- Po twojej wypowiedzi dla naszej gazety zrobiło się w Polsce spore zamieszanie. Wielu ludzi nie może uwierzyć, że chcesz odejść z Lecha już teraz. Podtrzymujesz tę deklarację?
- Tak. Nic się nie zmieniło. Powtarzam, jestem zdecydowany, by już teraz przenieść się do Szkocji. Jest zainteresowanie ze strony Celticu Glasgow i liczę, że kluby osiągną kompromis. Ale na dziś sytuacja wygląda tak, że nikt z Lecha nie powiedział mi nawet, czy wpłynęła oferta ze Szkocji.
- Rozmawiałeś ostatnio z trenerem Lecha, Franciszkiem Smudą?
- Nie dzwonił do mnie ani ja do niego. Podejrzewam, że jak wrócę do Polski 10 stycznia, to władze Lecha zaproszą mnie na rozmowy.
- Zapewne trener Smuda zrobi wszystko, by nakłonić cię do zmiany decyzji. W końcu Stilić to najważniejszy gracz Lecha, którego czekają mecze Pucharu UEFA z włoskim Udinese.
- Nie można tak mówić, że jak zabraknie Stilicia, to drużyna jest bez szans. Lech to bardzo silny zespół. Na pewno koledzy zrozumieją moją decyzję, bo pewnie kiedyś też byli w podobnej sytuacji.
- Szkockie media piszą, że znalazłeś się na liście życzeń Espanyolu Barcelona. Jednak menedżer Raymond Sparkess, który pilotuje twój transfer do Celticu, twierdzi, że wolisz szkocki kierunek.
- Celtic to topowy klub z europejskiej czołówki. Śledziłem ich mecze, więc mogę powiedzieć, że trochę znam ten zespół (śmiech). Uważam, że dałbym w nim radę już teraz.
- Właściciel Lecha Jacek Rutkowski podkreśla, że w trakcie zimowego okienka nikt nie odejdzie z Poznania. O Stiliciu mówi krótko: "Nie na sprzedaż". Co ty na to?

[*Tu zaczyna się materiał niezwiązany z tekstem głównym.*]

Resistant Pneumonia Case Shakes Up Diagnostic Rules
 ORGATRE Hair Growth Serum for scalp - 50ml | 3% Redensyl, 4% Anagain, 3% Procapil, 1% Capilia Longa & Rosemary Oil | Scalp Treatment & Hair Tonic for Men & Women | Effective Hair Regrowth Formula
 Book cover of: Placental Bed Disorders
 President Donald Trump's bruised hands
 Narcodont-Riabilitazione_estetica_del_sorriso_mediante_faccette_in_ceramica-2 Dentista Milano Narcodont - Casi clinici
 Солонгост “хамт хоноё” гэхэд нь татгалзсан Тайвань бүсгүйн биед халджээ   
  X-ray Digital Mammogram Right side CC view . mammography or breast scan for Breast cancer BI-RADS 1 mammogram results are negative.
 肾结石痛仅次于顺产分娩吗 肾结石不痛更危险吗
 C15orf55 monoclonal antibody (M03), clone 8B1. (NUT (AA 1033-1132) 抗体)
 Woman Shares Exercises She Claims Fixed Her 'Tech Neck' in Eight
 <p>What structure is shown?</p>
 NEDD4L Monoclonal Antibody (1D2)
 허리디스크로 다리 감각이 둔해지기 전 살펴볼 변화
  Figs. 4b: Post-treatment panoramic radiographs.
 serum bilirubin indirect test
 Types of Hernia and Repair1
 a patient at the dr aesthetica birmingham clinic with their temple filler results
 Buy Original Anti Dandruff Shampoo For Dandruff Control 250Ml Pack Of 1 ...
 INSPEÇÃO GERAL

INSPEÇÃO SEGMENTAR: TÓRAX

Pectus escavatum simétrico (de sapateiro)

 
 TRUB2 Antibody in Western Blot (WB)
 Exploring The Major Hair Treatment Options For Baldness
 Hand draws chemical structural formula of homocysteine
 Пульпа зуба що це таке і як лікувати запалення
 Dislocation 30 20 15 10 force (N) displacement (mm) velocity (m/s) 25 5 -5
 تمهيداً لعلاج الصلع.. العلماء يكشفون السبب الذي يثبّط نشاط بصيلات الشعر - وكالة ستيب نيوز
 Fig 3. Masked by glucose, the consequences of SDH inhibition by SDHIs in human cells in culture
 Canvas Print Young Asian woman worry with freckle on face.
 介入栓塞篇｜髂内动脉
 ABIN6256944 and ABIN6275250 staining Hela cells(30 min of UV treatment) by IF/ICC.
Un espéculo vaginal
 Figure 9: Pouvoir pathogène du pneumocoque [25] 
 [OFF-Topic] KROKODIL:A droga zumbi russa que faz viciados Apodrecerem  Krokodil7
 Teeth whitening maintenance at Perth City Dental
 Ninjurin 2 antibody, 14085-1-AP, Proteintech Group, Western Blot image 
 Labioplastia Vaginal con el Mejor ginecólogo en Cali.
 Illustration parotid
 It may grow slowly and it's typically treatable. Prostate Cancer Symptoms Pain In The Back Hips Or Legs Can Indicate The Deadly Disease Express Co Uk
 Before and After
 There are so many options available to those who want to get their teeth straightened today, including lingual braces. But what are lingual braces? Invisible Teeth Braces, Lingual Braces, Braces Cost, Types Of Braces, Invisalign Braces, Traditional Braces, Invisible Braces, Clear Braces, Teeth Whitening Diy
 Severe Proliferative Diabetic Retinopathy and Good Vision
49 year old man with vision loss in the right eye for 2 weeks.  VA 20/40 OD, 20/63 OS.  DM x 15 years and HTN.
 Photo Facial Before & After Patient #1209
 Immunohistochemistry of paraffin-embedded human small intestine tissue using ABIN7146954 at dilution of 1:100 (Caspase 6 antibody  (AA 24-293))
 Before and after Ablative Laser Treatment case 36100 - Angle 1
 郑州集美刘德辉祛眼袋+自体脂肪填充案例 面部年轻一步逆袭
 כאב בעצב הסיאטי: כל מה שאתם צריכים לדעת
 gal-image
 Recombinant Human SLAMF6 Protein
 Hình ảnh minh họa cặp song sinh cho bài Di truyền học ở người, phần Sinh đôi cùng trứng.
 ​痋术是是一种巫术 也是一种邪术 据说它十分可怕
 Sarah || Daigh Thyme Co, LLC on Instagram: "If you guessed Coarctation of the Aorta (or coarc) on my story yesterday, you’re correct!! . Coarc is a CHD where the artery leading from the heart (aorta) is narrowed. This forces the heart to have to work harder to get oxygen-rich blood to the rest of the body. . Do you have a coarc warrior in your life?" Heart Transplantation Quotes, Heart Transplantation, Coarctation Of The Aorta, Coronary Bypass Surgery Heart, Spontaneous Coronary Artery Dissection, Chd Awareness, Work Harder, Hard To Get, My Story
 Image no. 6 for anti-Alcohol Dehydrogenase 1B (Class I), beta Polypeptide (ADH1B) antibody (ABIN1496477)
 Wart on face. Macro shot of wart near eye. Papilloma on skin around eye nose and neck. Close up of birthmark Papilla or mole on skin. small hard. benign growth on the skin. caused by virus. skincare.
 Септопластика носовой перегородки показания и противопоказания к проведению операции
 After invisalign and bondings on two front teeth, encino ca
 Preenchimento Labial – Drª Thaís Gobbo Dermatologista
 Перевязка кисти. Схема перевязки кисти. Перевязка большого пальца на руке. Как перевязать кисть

- Ja to doskonale rozumiem. Cieszy mnie ta wypowiedź, bo oznacza, że coś znaczę dla tego klubu. Ale jeśli jest zainteresowanie, to nie można od razu mówić nie. Trzeba podjąć negocjacje. Tak uważam. Tyle że chcieć to nie znaczy móc, bo nie jestem wolnym zawodnikiem. Mam ważny kontrakt z Lechem, który jest moim pracodawcą. Tutaj się wypromowałem, stałem się znany. Nie zrobię niczego, by zaszkodzić drużynie.